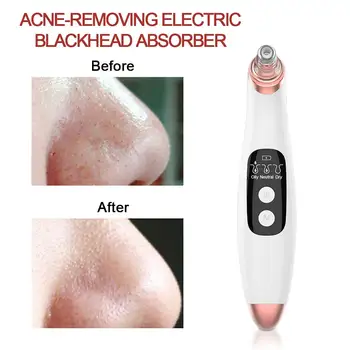 Vacuum Cleaner Black Dots Suction Blackhead Remover for Nose Face Pores Cleanser Black Acne Head Removal Beauty Face Skin Care
Vacuum Cleaner Black Dots Suction Blackhead Remover for Nose Face Pores Cleanser Black Acne Head Removal Beauty Face Skin Care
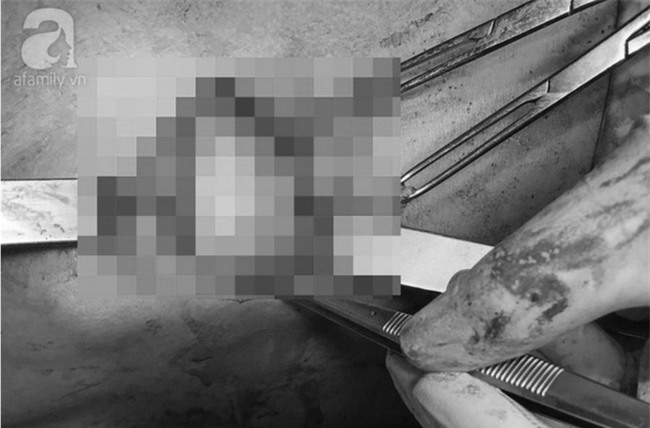 TP.HCM: Bơm silicon để ngực to như phụ nữ, nam thanh niên phải nhận cái kết đắng - Ảnh 3.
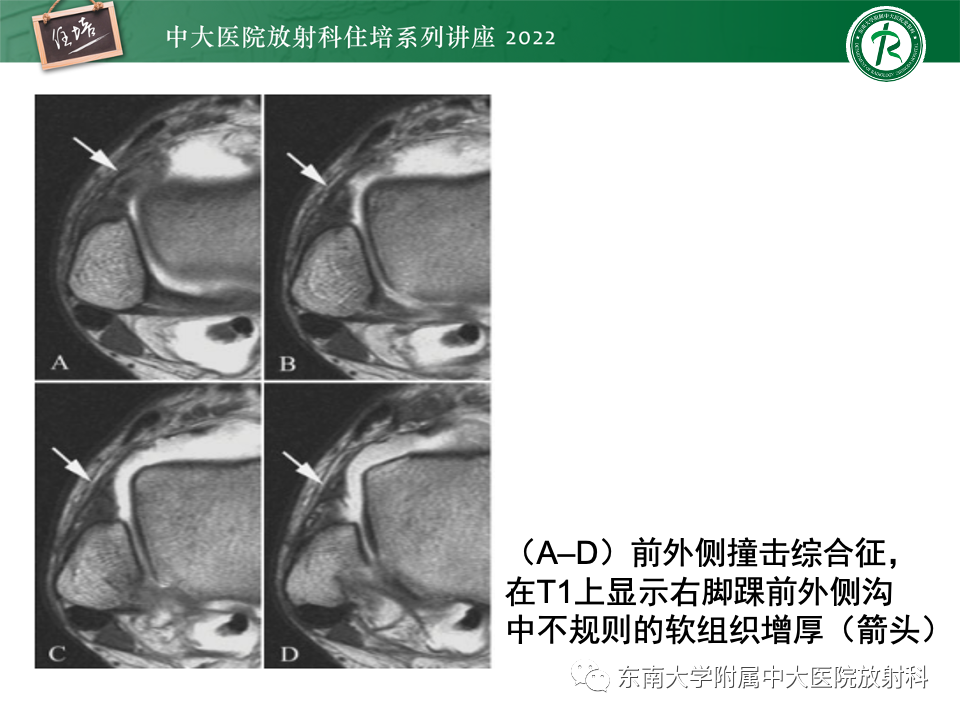 影像PPT - 【PPT】踝关节撞击综合征-29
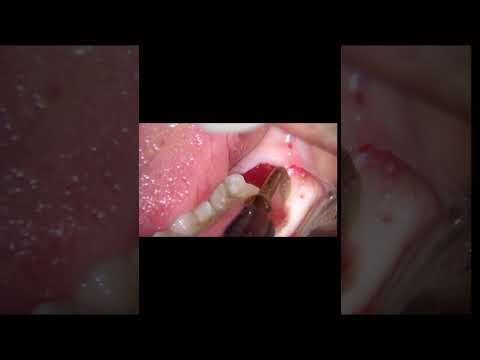 “Wisdom Tooth Extraction Procedure | Step-by-Step Dental Guide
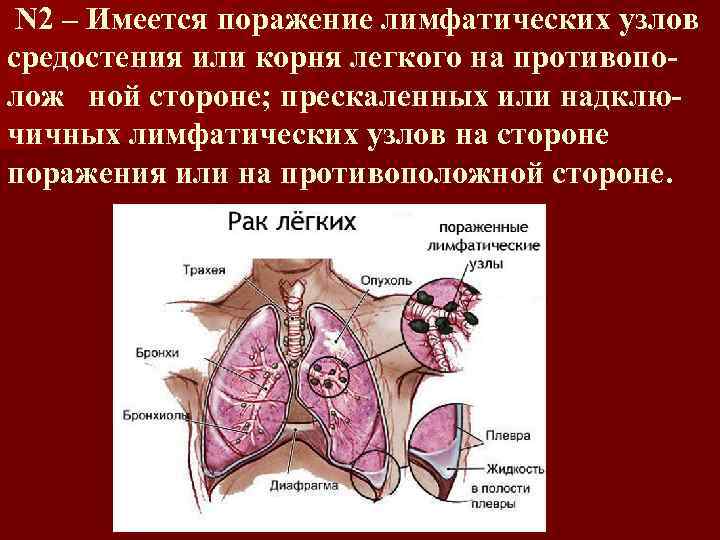 N 2 – Имеется поражение лимфатических узлов средостения или корня легкого на противополож ной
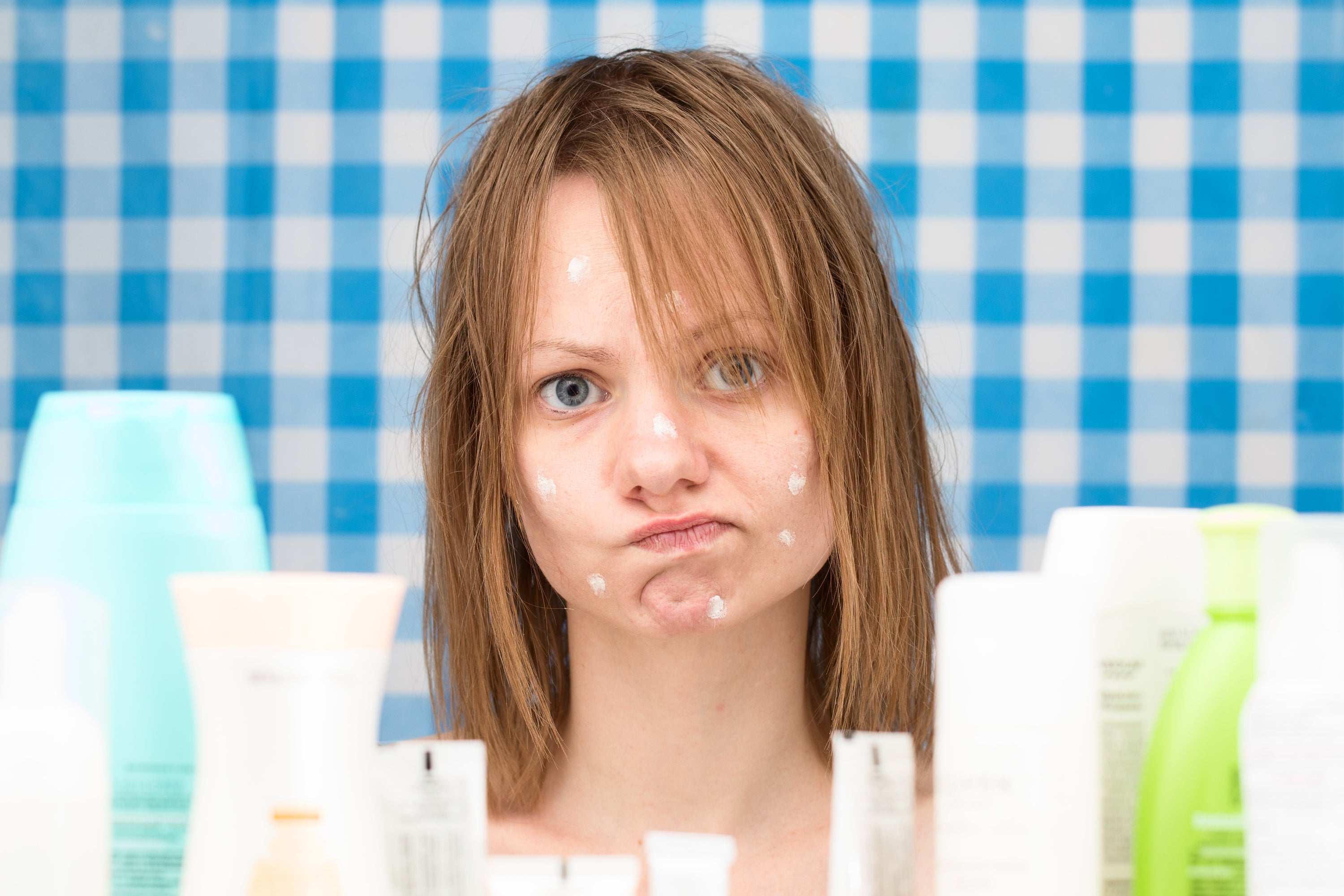 Are There Natural Acne Treatments That Really Work?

# # # #

§ Exercise aim: Pictures should be left out when the records above are restated exactly.

§ Exercise solution:
 Vacuum Cleaner Black Dots Suction Blackhead Remover for Nose Face Pores Cleanser Black Acne Head Removal Beauty Face Skin Care
Vacuum Cleaner Black Dots Suction Blackhead Remover for Nose Face Pores Cleanser Black Acne Head Removal Beauty Face Skin Care
 TP.HCM: Bơm silicon để ngực to như phụ nữ, nam thanh niên phải nhận cái kết đắng - Ảnh 3.
 影像PPT - 【PPT】踝关节撞击综合征-29
 “Wisdom Tooth Extraction Procedure | Step-by-Step Dental Guide
 N 2 – Имеется поражение лимфатических узлов средостения или корня легкого на противополож ной
 Are There Natural Acne Treatments That Really Work?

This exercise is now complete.